Just in case you want to do this too.It is turn the transaxle upside down so the axles now rotate in the correct direction.

Turning the whole car upside down will not move you closer to the goal.Probable further away.

'Manuals are here'

Thank you John O.

We will break down and get some manuals.Probably Haynes and Chilton 'all years' first. Then factory.


----------



## NCjeeper (Sep 21, 2019)

In 1981 I had a paper route as a kid. One of the neighborhood houses I peddled by had 3 corvairs in the driveway. They were in various states of repair and the owner was always out there working on one.


----------



## brave_ulysses (Sep 21, 2019)

with some digging, you can probably turn up a crown conversion kit. iirc, the toronado front wheel drive transaxle was used for these

find the local corvair club and develop some contacts there
https://www.corvair.org/chapters/chapter925/index.html

the audi 01e transaxles have been used for similar ventures

good luck!

ps: here is my mom's convertible!


----------



## Bob Korves (Sep 21, 2019)

My first car was a '62 Corvair.  I think I paid $325 for it, used.  That would have been about 1968.  I hate to say it here in a Corvair enthusiast thread, but it was a real POS.  The engine, the body, the handling, everything about it.
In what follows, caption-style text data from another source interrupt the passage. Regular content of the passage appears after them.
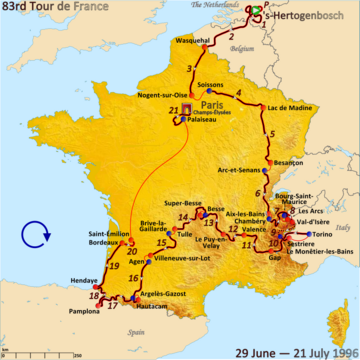 Map of France with the route of the 1996 Tour de France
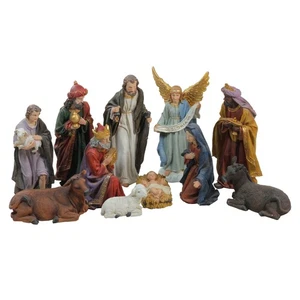 Juego de estatuillas de belén de Navidad Northlight 11 piezas azul y rojo 12,25" - Imagen 1 de 3
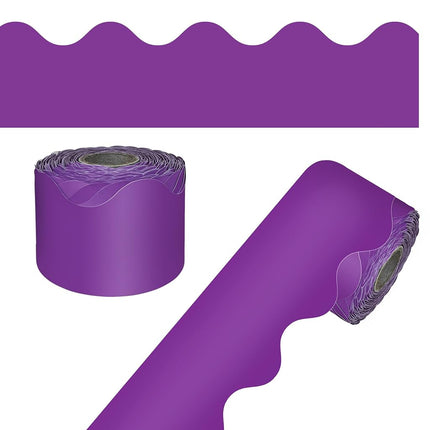 Carson Dellosa 65Ft of Purple Bulletin Board Borders, 1 Roll of Scalloped Trim for Rolling Whiteboard, Cork and Posterboard, Party, Office Decorations, and Classroom Decor
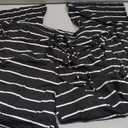 Artfish Women Casual Sleeveless Spaghetti Strap Striped Lounge Pajama Jumpsuit, XX-Large, 2027t Black Striped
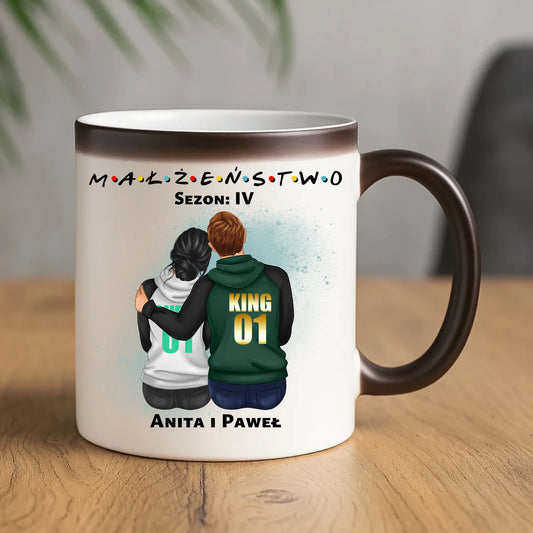 Kubek magiczny - personalizowany prezent dla żony i męża na rocznicę ślubu – Małżeństwo W05 - StoryCups.pl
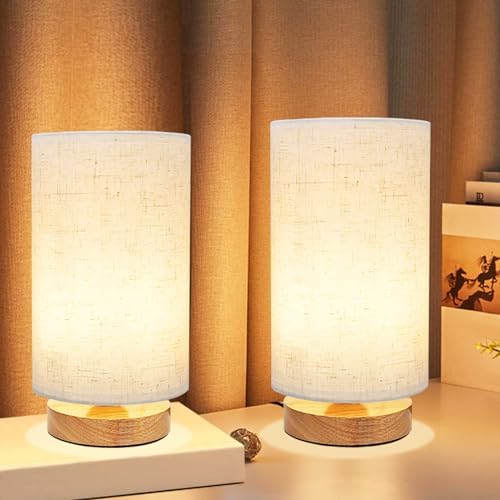 Small Bedside Table Lamp for Bedroom set of 2,Minimalist Wood Base & Round Fabric Shade,Mini Cute Cozy Warm Nightstand Boho Lamp set, Study Desk Night Stand Light for Room, Dorm,Nursery,Living Room by UCHENTON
I do not remember any good things about it beyond that it got me away from my parents, when it was not apart in the garage...  GM had many follies during those times.  Very poor engineering.  After that I had a '64 VW beetle.  It had over 100K miles on it when I got it.  Paid $400 for it.  I drove it for at least a decade, and it was a wonderful car, simple design, easy to fix, cheap parts availability.  A wonderful little car, that defined "simply elegant."  Perfect for a penniless student...


----------



## brave_ulysses (Sep 21, 2019)

kelmark was the other corvair v8 conversion kit

this thread may have some useful info
http://corvaircenter.com/phorum/read.php?1,488963

and a call to clark's may help
http://www.corvair.com/user-cgi/main


----------



## brave_ulysses (Sep 21, 2019)

was never a fan of the early models (except the vans). growing up, my father had a fleet: a couple of convertibles, a couple of hardtops and a van. all had their quirks; but ran reliably if properly maintained


----------



## racecar builder (Sep 21, 2019)

Thank you for all the responses.

We are working on deal to have reverse ring and pinion sets made again.

It's definitely doable.Richmond Gear sounds like they can do it.

The rub is they closed up their manufacturing in South Carolina so sets will be made overseas.

I think a lot of Corvair enthusiasts would prefer sets that are Made In USA.

We would.

Let's see what happens.There is something funny we've seen about a pinion that has gear on other end.

Don't know if you need set AND this other pinion or what.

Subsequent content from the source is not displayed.